Let’s take a look, though at what the father does. The father provides for both his sons as best as we can assume up to the point when we are drawn into this parable. The father then let’s his younger son go away from him with all that he should need for his life. He suffers the shame of being asked to pass out his inheritance before his death. He then welcomes the same son back and gives him every essential thing, and then some, he could need: the best robe he has to offer, a ring, sandals, and more food than he could possible eat, though I bet he probably overate by a lot that day. Not only that but he goes out to meet his son as soon as he sees him on the road, he ran to him. He is the patriarch so people should be coming to him, he should never have to go to them.
Then after the celebration has started the elder son shows up and once again the father goes out to talk with the other son. Not only should the father not have to go out to the son, but he shouldn’t leave the party as the host. Yet he does, and he does his best to convince the elder son to come and celebrate with everyone because the family has been brought back together. For the elder son, as we mentioned at the beginning, he declares all of it as unfair. The unfairness makes it unbearable. The father pleads with him to see the importance of the celebration whether it is fair or not.

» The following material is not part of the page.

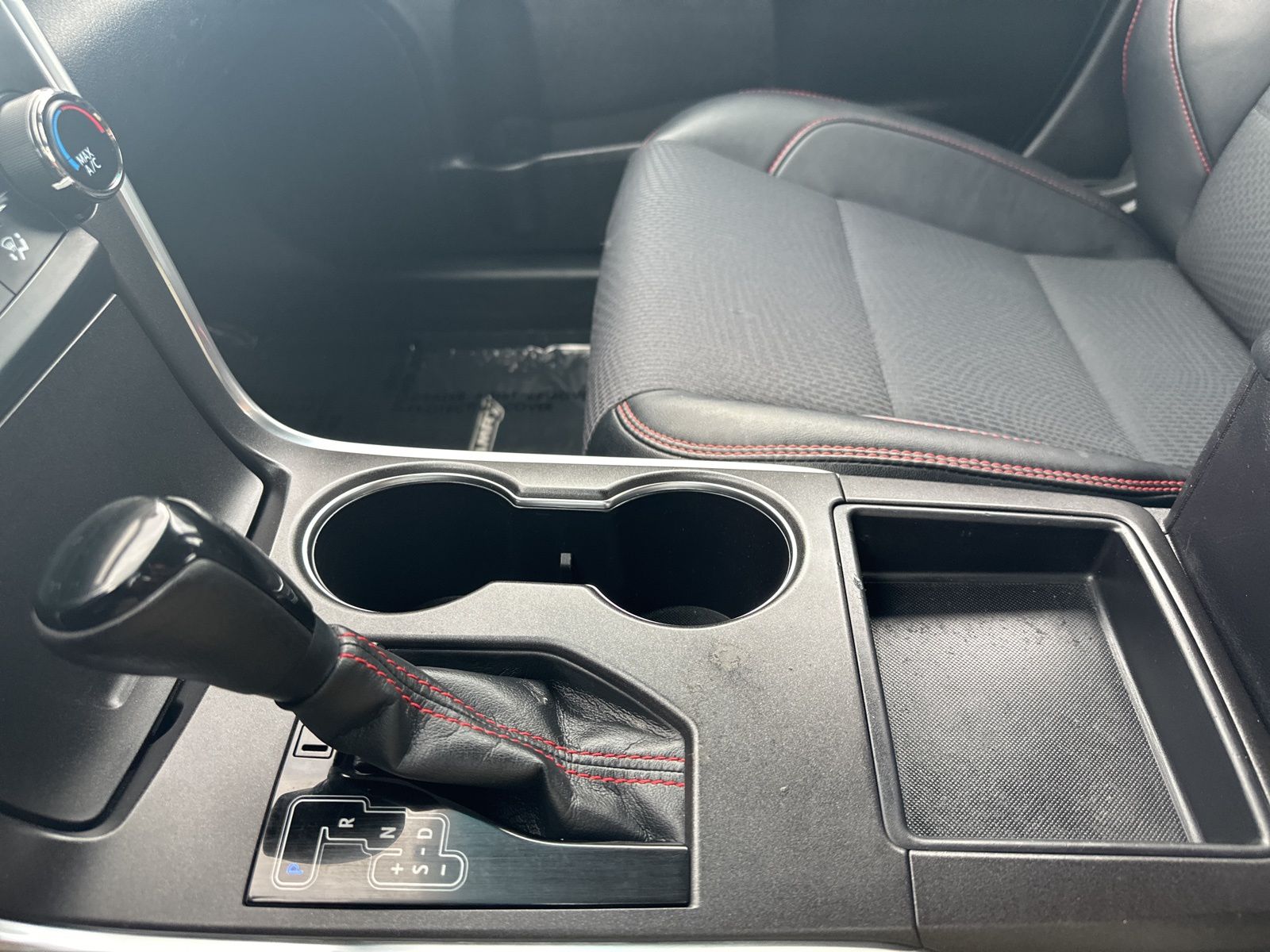 2016 Toyota Camry XLE photo 23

The celebration is what is really at the heart of the story. Just like the two parables that come before it. We talked about the parable of the lost coin on Wednesday and how important celebrating was. The parable before that is the parable of the lost sheep and the shepherd celebrates when the lost sheep is found. It doesn’t really matter if this or that is fair, we should always celebrate at those things in life that are worth celebrating. And if we look at this story as the parable it is then we need to understand that if this story is about celebrating then what are we celebrating? We are celebrating what the Pharisees and the scribes accuse Jesus of doing…celebrating with and having dinner with tax collectors and sinners.
This story is about celebrating the prodigal. No, I don’t mean the prodigal son…I mean the prodigal grace that is shown in this story. Prodigal can mean wasteful or reckless spending, but it can also basically mean the opposite as extravagant or lavish. I think this story is celebrating the wasteful and extravagant grace of God. Wasteful? Isn’t that a horrible way to describe grace? Not when we realize that grace is overflowing and never ending. When we realize that grace is for you and for me and for all the tax collectors and sinners that Jesus also sits with to celebrate their being a part of the dinner party. Celebrating their inclusion in the kingdom of God. When we realize that the father in the story is willing to do whatever it takes to make both sons know they are loved and cared for no matter how they unfairly treated their father.

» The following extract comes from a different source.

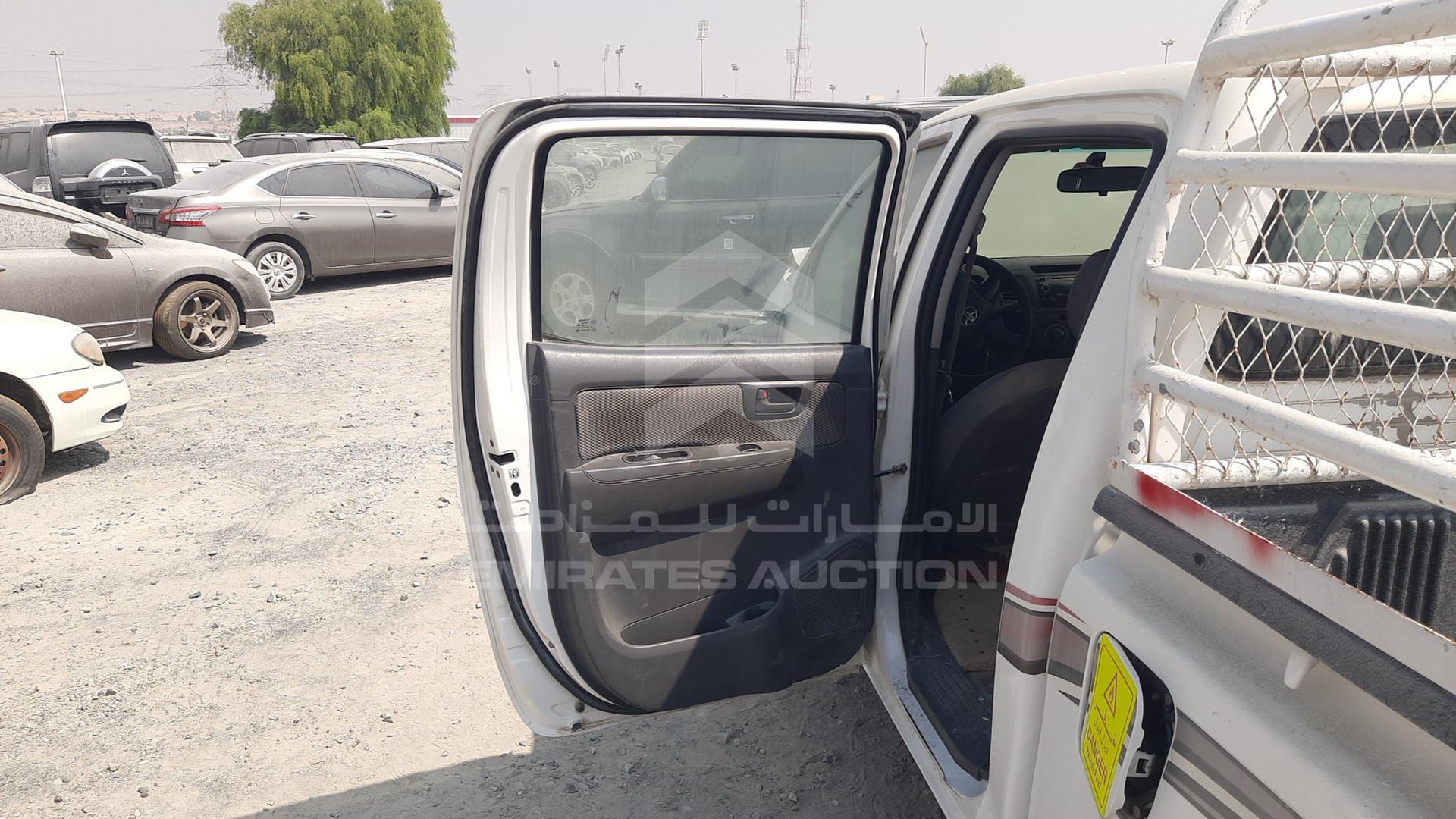 2014 TOYOTA HILUX VIN: MR0EX12G9E2352203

That is the story of God. God welcomes any and all people into God’s family. No it’s not fair, its grace, wasteful grace. God never promised to be fair, God promised to be loving and forgiving. God doesn’t care where you came from, or how long you’ve known God. Jesus says the same thing to the faithful person as he does to the criminal on the cross that is crucified with him, “today you will be with me in paradise”. That is the kind of wasteful, unfair kind of grace that God hands out to the world. It is the kind of grace we all need and it is for God and for us to give as freely and wastefully as we can, so that this world can know how much God has done and will do to show God’s love and care for all creation. Amen.